Student thesis: Doctoral ThesisDoctor of Philosophy

Abstract

The analysis of knuckle creases is part of the multifactorial assessment of digital images of the hand used to assist in the identification of perpetrators captured in images depicting child sexual abuse and other offending behaviours. To quantify the impact of finger flexion on the appearance of the dorsal knuckle creases associated with the proximal interphalangeal joint (PIP) joint in digital images, the collection of knuckle crease images, at different points of finger flexion, was facilitated through an app-based Citizen Science project, Knuckle Down ID. A method of knuckle crease classification was adapted to assess the images collected, was evaluated for intra- and inter-reliability, and then used to assess the impact of finger flexion on the frequency of different knuckle crease features observed in manual analysis.

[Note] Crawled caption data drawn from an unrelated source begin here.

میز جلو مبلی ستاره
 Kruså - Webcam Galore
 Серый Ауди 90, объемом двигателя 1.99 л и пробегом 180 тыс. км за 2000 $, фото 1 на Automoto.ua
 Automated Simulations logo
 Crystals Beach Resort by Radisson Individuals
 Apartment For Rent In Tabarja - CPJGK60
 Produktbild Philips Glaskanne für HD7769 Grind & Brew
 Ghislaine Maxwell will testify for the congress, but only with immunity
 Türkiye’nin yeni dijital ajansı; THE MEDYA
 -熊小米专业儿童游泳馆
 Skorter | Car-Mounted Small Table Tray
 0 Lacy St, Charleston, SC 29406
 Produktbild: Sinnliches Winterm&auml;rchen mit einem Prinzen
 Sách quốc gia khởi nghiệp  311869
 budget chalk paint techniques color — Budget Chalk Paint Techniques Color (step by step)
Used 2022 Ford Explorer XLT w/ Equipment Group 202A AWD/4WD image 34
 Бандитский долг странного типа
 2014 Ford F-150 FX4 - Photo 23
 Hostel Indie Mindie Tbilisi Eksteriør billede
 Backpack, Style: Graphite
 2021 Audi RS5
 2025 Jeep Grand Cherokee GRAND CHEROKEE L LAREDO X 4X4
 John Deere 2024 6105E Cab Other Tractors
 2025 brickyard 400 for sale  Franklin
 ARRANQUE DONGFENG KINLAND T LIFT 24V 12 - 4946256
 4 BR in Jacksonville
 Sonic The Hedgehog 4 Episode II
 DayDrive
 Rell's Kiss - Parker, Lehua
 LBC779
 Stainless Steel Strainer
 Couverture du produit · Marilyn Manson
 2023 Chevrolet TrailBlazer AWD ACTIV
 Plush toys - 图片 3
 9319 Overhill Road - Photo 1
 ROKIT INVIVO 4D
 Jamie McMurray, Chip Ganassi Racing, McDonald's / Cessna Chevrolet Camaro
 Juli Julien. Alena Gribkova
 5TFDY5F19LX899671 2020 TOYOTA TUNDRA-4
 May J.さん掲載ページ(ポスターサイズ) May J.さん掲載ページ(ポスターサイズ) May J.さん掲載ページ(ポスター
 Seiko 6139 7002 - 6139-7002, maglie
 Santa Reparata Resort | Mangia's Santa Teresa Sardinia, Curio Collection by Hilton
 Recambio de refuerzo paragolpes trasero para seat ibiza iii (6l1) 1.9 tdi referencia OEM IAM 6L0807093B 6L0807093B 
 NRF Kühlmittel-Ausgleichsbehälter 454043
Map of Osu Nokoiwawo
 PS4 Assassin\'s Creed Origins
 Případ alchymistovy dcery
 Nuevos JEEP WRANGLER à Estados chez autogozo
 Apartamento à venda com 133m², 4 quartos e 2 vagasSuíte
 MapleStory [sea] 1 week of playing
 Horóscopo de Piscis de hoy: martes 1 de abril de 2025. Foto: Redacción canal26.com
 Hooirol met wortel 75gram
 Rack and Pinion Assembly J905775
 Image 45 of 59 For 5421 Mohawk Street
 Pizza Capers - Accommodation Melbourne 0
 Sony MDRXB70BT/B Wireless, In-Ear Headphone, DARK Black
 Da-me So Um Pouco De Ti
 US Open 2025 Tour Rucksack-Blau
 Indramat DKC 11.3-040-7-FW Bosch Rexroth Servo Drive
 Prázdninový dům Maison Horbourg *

The results show that the adapted methodology had good intra-observer repeatability (ICC 0.81) when the entire method was assessed. The assessment of both intra- and inter- observer reliability indicated that the tracing aspect of the methodology was less repeatable than the second half of the methodology; coding the presence of knuckle crease features. It was observed that this had a knock-on impact on the reliability of the whole methodology (ICC 0.50). However, the implementation of a UNet based knuckle crease segmentation algorithm, robust to different hand positions, appeared to show promise in improving the repeatability of the methodology when the outputs of the models were compared to the outputs generated from manual knuckle crease traces produced by experts (ICC 0.71 and 0.61).

The impact of flexion on the recorded frequency of knuckle creases was shown to be significant (p = .00). However, when comparing two hands at different points of flexion, only when comparing fingers held at 0⁰ vs 45⁰ (p =.04) as well as fingers held at 90⁰ vs any other finger position was the differences in the knuckle crease feature frequencies significant (p = .00). The comparison of knuckle crease image pairs at 20⁰ of hyperflexion vs 0⁰ (p = .10) and 20⁰ of hyperflexion vs 45⁰ (p = .09) showed that the difference in knuckle crease feature frequencies was not significant.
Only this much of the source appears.